Behavioral control task supervisor with memory based on reinforcement learning for human-multi-robot coordination systems

In this study, a novel reinforcement learning task supervisor (RLTS) with memory in a behavioral control framework is proposed for human-multi-robot coordination systems (HMRCSs). Existing HMRCSs suffer from high decision-making time cost and large task tracking errors caused by repeated human intervention, which restricts the autonomy of multi-robot systems (MRSs). Moreover, existing task supervisors in the null-space-based behavioral control (NSBC) framework need to formulate many priority-switching rules manually, which makes it difficult to realize an optimal behavioral priority adjustment strategy in the case of multiple robots and multiple tasks.
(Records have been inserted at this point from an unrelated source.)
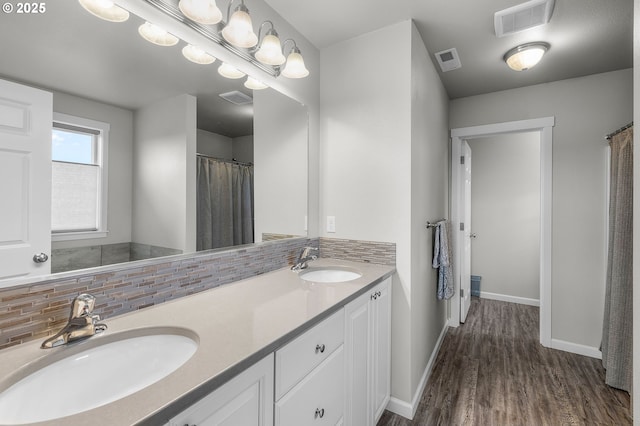 bathroom featuring tasteful backsplash, vanity, and wood-type flooring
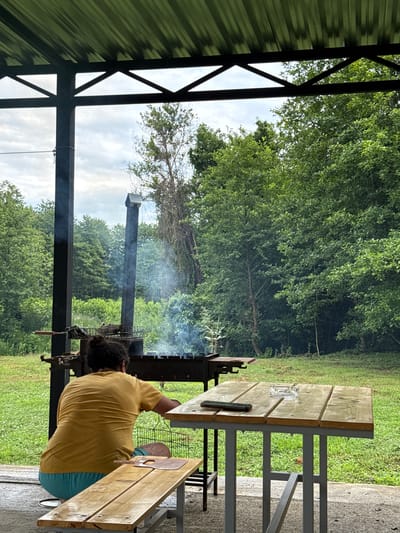 The image depicts a person tending to a barbecue pit under a covered structure, likely outdoors. The person, seen from the back, is wearing a yellow t-shirt and blue shorts and has dark, curly hair. They are positioned next to a grill that is producing smoke, suggesting food is being cooked. In the background, lush green trees and foliage create a natural setting. A picnic table made of light-colored wood with metal legs is visible on the right side of the frame, with an ashtray on its surface. The overall scene suggests a casual outdoor gathering or meal preparation. The lighting indicates it is daytime. The provided location context is Warcha, Abkhazia.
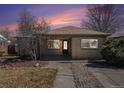 Charming single-story home with a brick facade, red door, landscaped yard, and a welcoming entrance at 1654 Valentia St, Denver, CO 80220
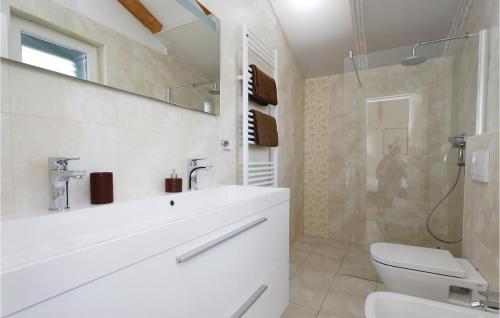 a bathroom with a sink and a toilet and a shower at Lovely Home In Sibenik With Wifi in Šibenik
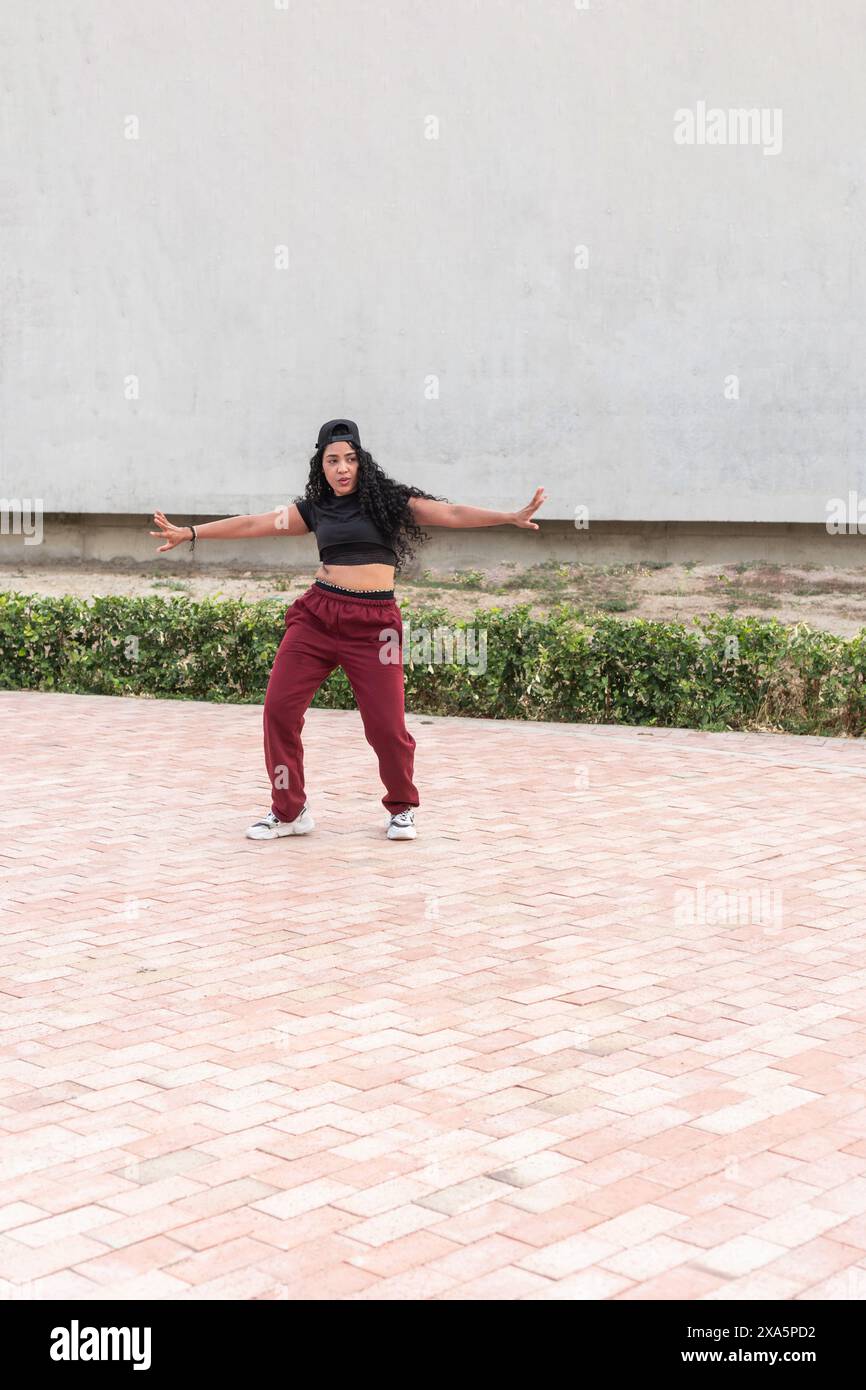 Young woman in casual athletic wear striking a hip-hop dance pose outdoors. Stock Photo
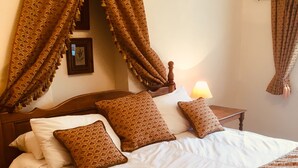 A neatly made bed with patterned pillows and a canopy, a bedside table with a lamp, and a framed picture on the wall. - Groom's Cottage  a fabulously quiet paradise in the heart of the Peak District (Castleton)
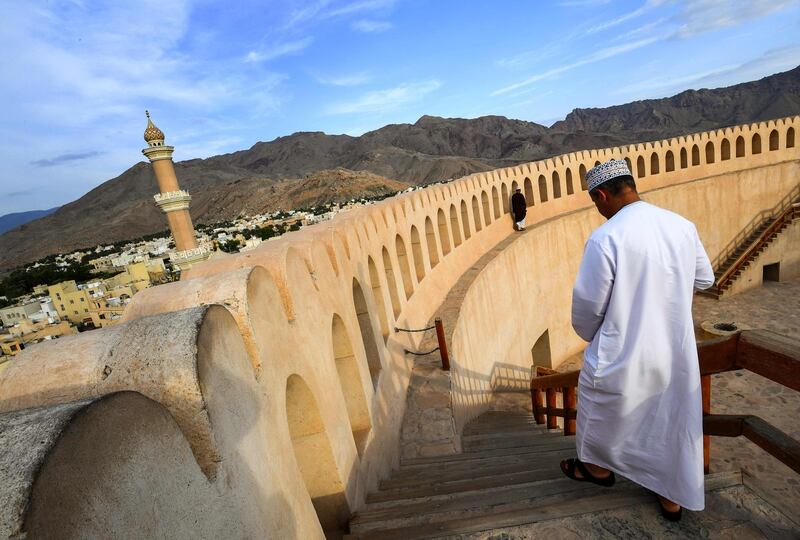 This picture taken on November 29, 2018 shows a man descending a staircase in the Nizwa Fort, a 17th-century fortification in the city of the same name, about 160 kilometres southwest of the capital Muscat.  / AFP / GIUSEPPE CACACE
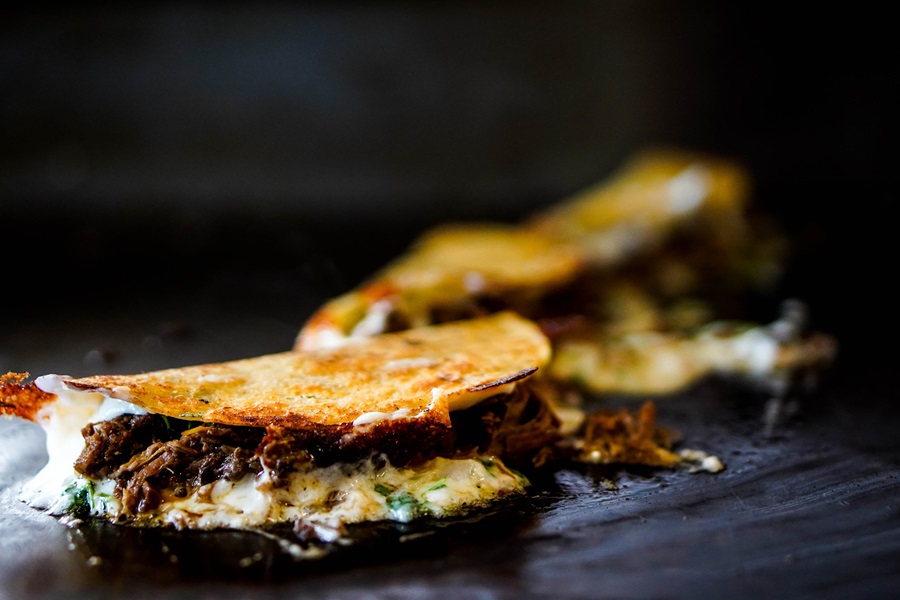 Mexican Barbacoa Recipe Ideas Two Tacos on a Griddle Cooking with Cheese Melting on Top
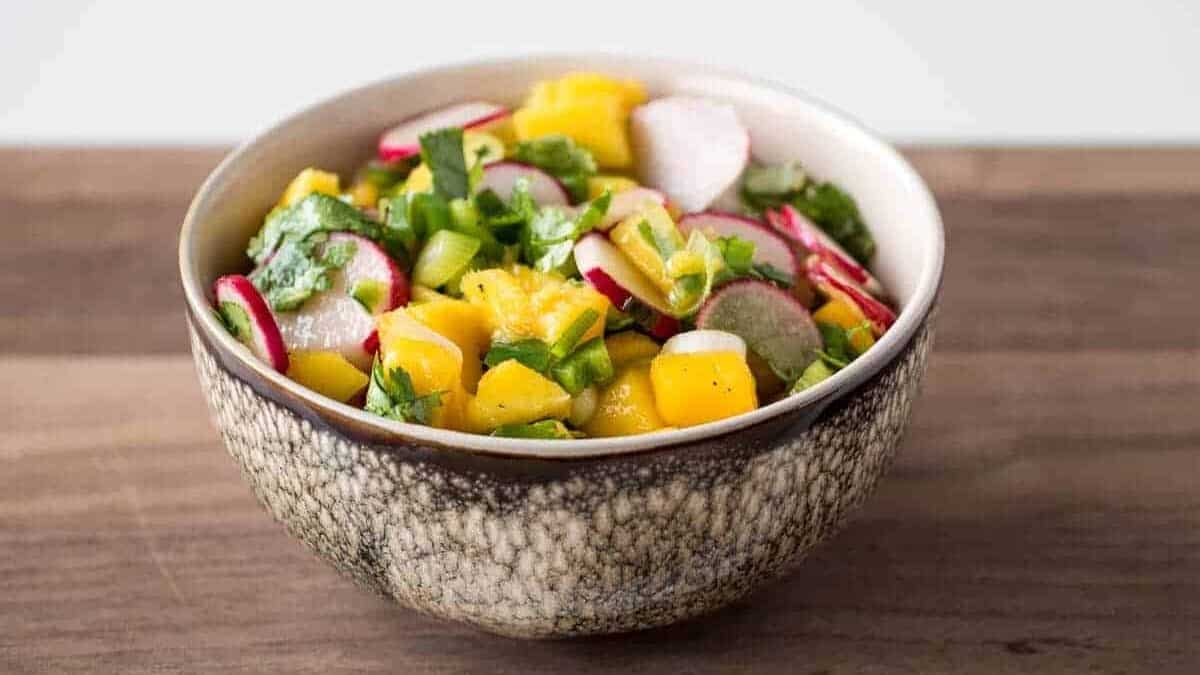 Radish mango salsa with cilantro and green onions in a brown and white bowl on a wooden cutting board.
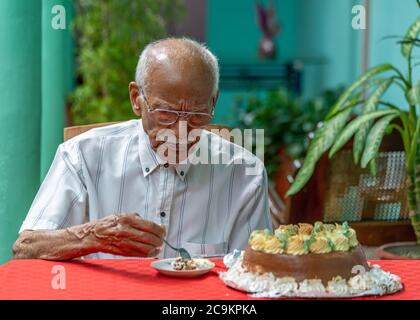 Elderly man sitting at a table eating cake Stock Photo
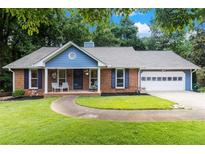 Charming brick home with a well-manicured lawn, inviting front porch, and attached two-car garage at 1402 Mclendon Dr, Decatur, GA 30033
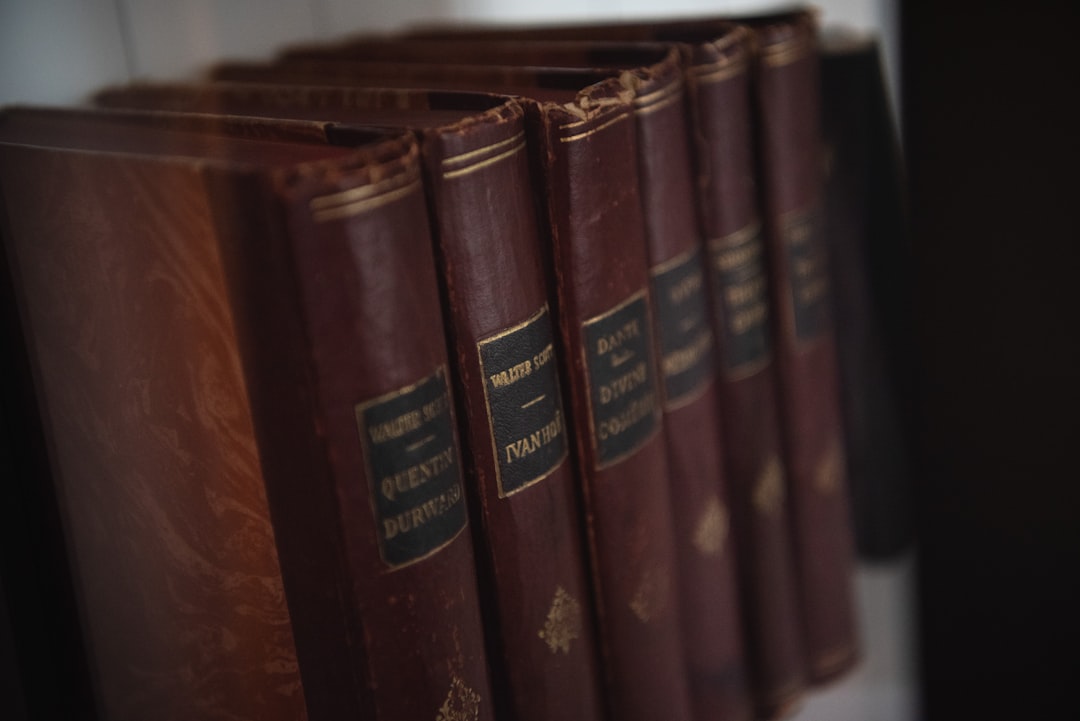 a row of red books sitting on top of a shelf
The proposed RLTS with memory provides a detailed integration of the deep Q-network (DQN) and long short-term memory (LSTM) knowledge base within the NSBC framework, to achieve an optimal behavioral priority adjustment strategy in the presence of task conflict and to reduce the frequency of human intervention. Specifically, the proposed RLTS with memory begins by memorizing human intervention history when the robot systems are not confident in emergencies, and then reloads the history information when encountering the same situation that has been tackled by humans previously. Simulation results demonstrate the effectiveness of the proposed RLTS. Finally, an experiment using a group of mobile robots subject to external noise and disturbances validates the effectiveness of the proposed RLTS with memory in uncertain real-world environments.